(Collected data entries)
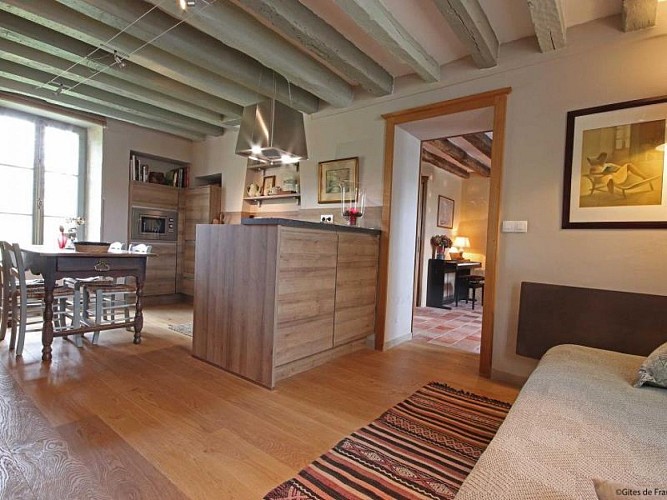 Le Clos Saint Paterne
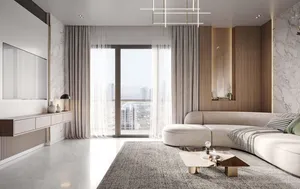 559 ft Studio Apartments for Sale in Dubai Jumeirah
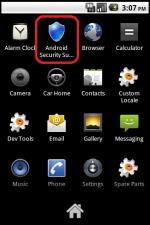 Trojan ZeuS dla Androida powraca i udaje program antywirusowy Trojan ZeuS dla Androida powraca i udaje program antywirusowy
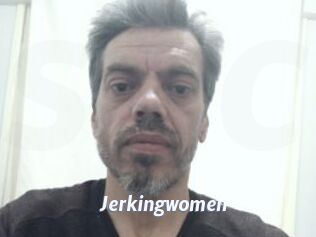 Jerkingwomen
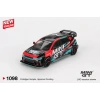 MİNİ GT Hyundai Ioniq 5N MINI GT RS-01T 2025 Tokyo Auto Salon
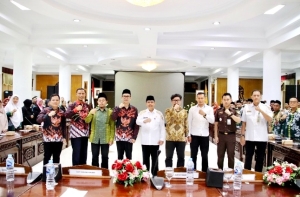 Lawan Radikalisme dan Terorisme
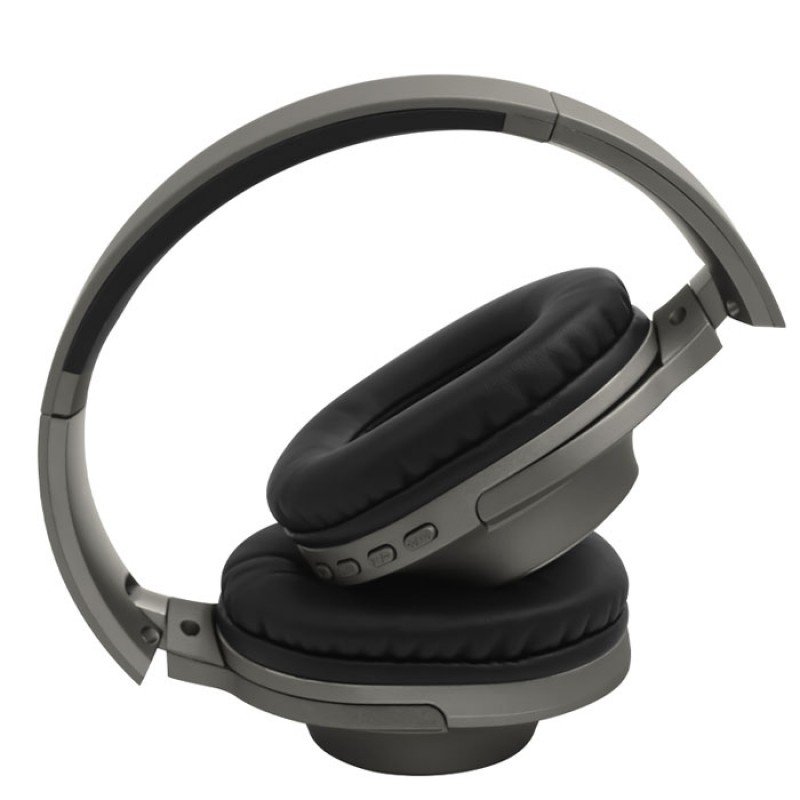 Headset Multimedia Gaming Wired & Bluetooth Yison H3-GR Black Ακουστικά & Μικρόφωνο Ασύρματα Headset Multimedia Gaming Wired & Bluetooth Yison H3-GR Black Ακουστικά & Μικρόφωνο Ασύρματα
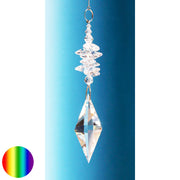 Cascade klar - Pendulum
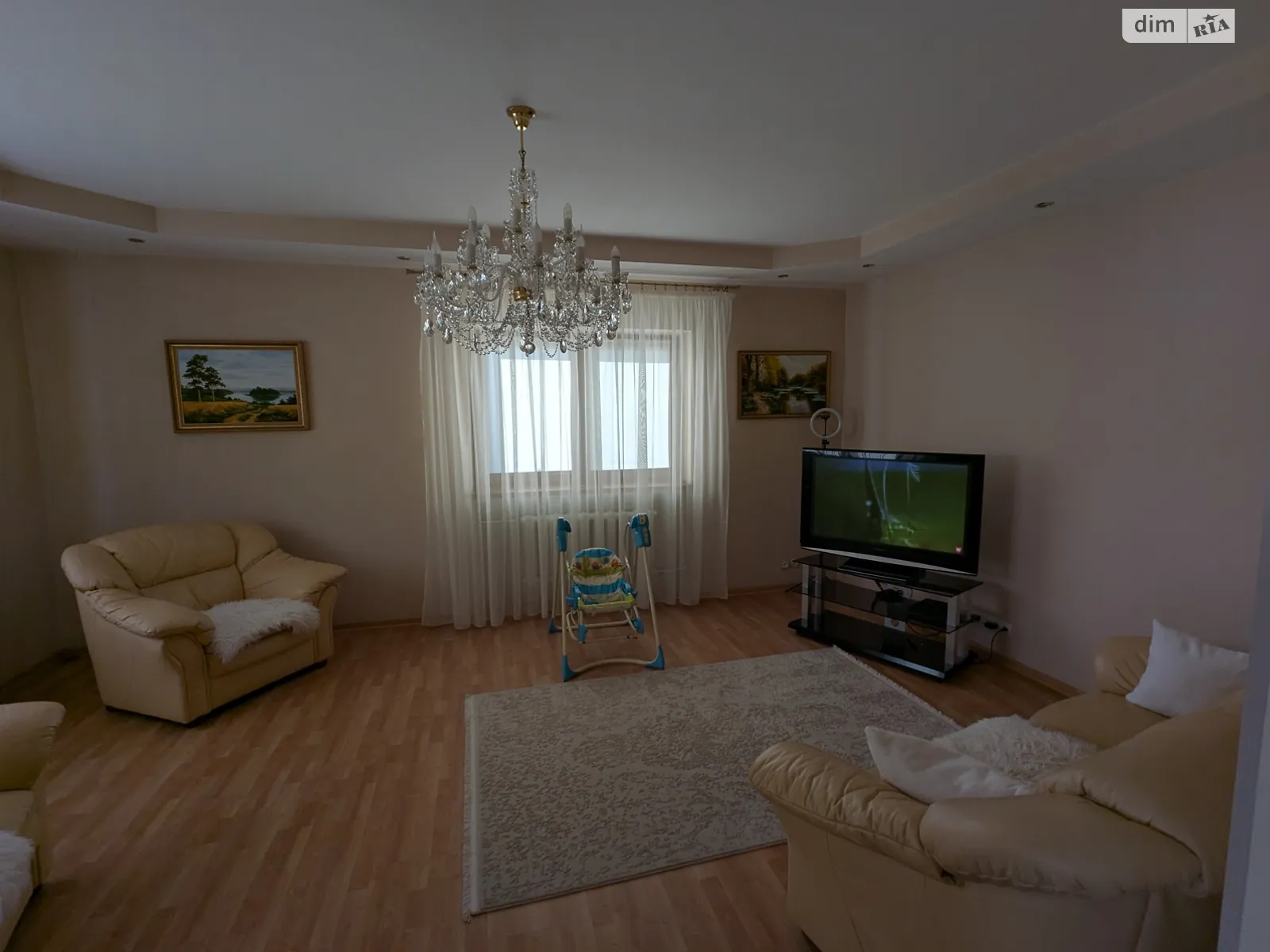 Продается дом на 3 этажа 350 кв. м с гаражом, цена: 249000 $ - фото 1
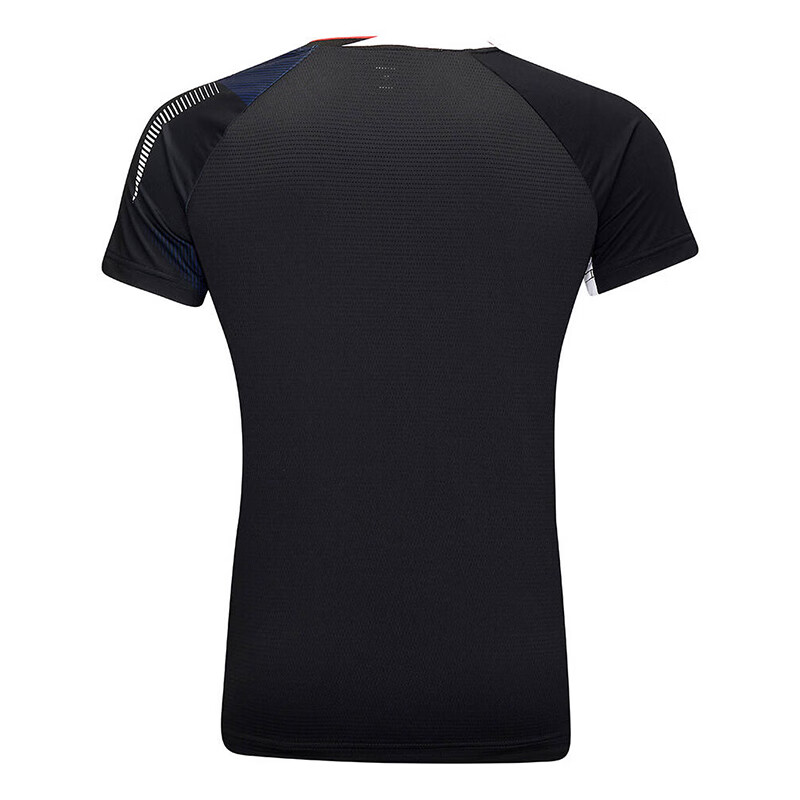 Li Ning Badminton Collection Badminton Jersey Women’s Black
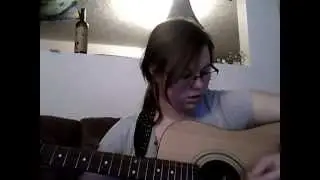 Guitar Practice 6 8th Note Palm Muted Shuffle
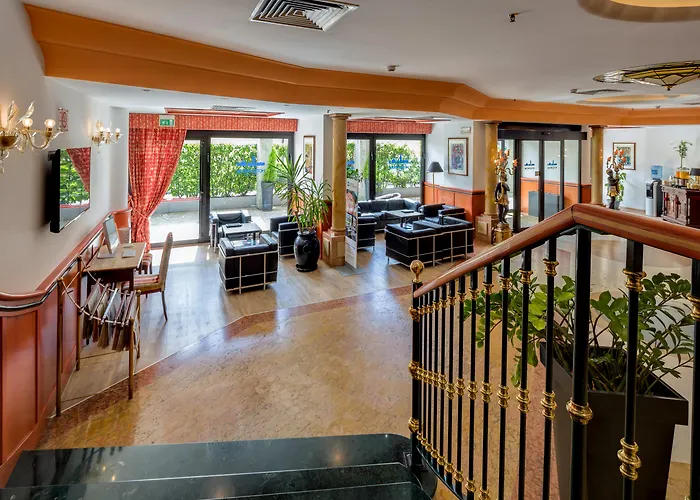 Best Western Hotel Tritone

What to produce:
Only the lines from the beginning of the records through the line bearing "Продается дом на" belong in the answer, copied word for word with pictures left out.

Reply:
 Le Clos Saint Paterne
 559 ft Studio Apartments for Sale in Dubai Jumeirah
 Trojan ZeuS dla Androida powraca i udaje program antywirusowy Trojan ZeuS dla Androida powraca i udaje program antywirusowy
 Jerkingwomen
 MİNİ GT Hyundai Ioniq 5N MINI GT RS-01T 2025 Tokyo Auto Salon
 Lawan Radikalisme dan Terorisme
 Headset Multimedia Gaming Wired & Bluetooth Yison H3-GR Black Ακουστικά & Μικρόφωνο Ασύρματα Headset Multimedia Gaming Wired & Bluetooth Yison H3-GR Black Ακουστικά & Μικρόφωνο Ασύρματα
 Cascade klar - Pendulum
 Продается дом на 3 этажа 350 кв. м с гаражом, цена: 249000 $ - фото 1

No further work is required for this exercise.